Considérant que la demande formée pour la première fois contre elle en appel est donc nouvelle et pourtant irrecevable ainsi que le soutient cette entreprise à juste titre,

Considérant que Monsieur Casagrande a acheté directement à la société Mardesson les tuiles qui en se délitant furent à l'origine des désordres de la toiture.

Considérant que le régime juridique de l'action de Monsieur Casagrande (acheteur ou maître d'ouvrage) contre les Tuileries fabricant d'origine est le même que celui de l'action dont il dispose contre son vendeur direct la société Mardesson.

Considérant que ce régime est celui de la responsabilité contractuelle trentenaire de droit commun s'il s'agit soit uniquement d'une non conformité au contrat (telle une qualité de tuiles différente de la commande) soit d'une non conformité au contrat à laquelle s'ajoute l'impropriété à l'usage auquel le matériau était contractuellement destiné (telle une qualité de tuile à la fois non conforme à la commande et non adaptée à la construction envisagée) ; (AP 7 février 1986) ;

Considérant que, sauf à transgresser ou à supprimer les règles de l'article 1648 du Code civil (et confondre vice caché de fabrication et défaut de conformité au contrat) ce régime est celui de l'action à bref délai ; lorsqu'il s'agit uniquement d'un vice caché, de fabrication, sans pour autant que le matériau soit autre (en sa nature, ses caractéristiques ou sa catégorie) que celui qui avait été commandé,

Considérant qu'en l'espèce il ressort de l'expertise que les tuiles, gélives comportaient un vice caché de fabrication bien que leur qualité et leur nature aient été celles commandées conformes au contrat ;

Considérant que l'action de Monsieur Casagrande contre la société Mardesson et contre les Tuileries du Bourdonnais pour vice caché des tuiles devait être intentée à bref délai.
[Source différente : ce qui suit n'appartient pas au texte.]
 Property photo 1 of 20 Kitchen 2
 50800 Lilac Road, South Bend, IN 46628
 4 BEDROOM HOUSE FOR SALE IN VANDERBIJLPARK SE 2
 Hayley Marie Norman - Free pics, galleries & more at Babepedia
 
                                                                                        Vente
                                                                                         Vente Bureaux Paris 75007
Considérant que tel n'a pas été le cas puisque les premiers désordres (objet d'une réclamation écrite de Monsieur Casagrande) sont apparus dès 1979 ; qu'en 1981, Monsieur Casagrande avait été avisé de leur origine par Monsieur Guillemot expert amiable ; que ce n'est qu'en juillet 1986 qu'il a assigné au fond après ordonnance de référé en 1984 ;

Considérant que plusieurs années se sont donc écoulées sans que l'acheteur maître d'ouvrage agisse en justice.
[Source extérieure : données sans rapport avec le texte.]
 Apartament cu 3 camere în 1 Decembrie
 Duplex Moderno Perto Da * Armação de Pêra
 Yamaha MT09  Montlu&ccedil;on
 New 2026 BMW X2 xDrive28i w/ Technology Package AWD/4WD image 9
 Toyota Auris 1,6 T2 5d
Que son action doit être déclarée tardive à l'encontre de la société Mardesson, de même qu'à l'encontre des Tuileries (en faisant application de l'article 472 alinéa 2 du nouveau Code de procédure civile quant à ces dernières).

Considérant que l'action contre la SMABTP assureur des Etablissements Mardesson est dès lors sans objet.
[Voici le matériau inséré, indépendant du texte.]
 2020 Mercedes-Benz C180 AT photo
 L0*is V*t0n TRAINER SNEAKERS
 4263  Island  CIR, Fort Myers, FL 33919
Considérant que l'équité ne commande pas l'application de l'article 700 du nouveau Code de procédure civile,

Par ces motifs, LA COUR, statuant publiquement, par arrêt réputé contradictoire et en dernier ressort, Confirme le jugement en ce qu'il a dit irrecevable comme tardive l'action de Monsieur Casagrande contre les Etablissement Mardesson. Le réformant pour le surplus ; Dit irrecevable comme nouvelle la demande de Monsieur Casagrande contre la société Sani-Toiture ; Dit irrecevable comme tardive la demande de Monsieur Casagrande contre les Tuileries du Bourdonnais ; Dit en conséquence sans objet la demande de Monsieur Casagrande contre la SMABTP ; Dit n'y avoir lieu d'appliquer l'article 700 du nouveau du Code de procédure civile ; Fait masse des dépens de première instance et d'appel qui seront supporté par Monsieur Casagrande et qui seront recouvrés directement par la SCP lambot-merle, titulaire d'un office d'avoué près la Cour d'Appel de Versailles, conformément aux dispositions de l'article 699 du nouveau Code de procédure civile.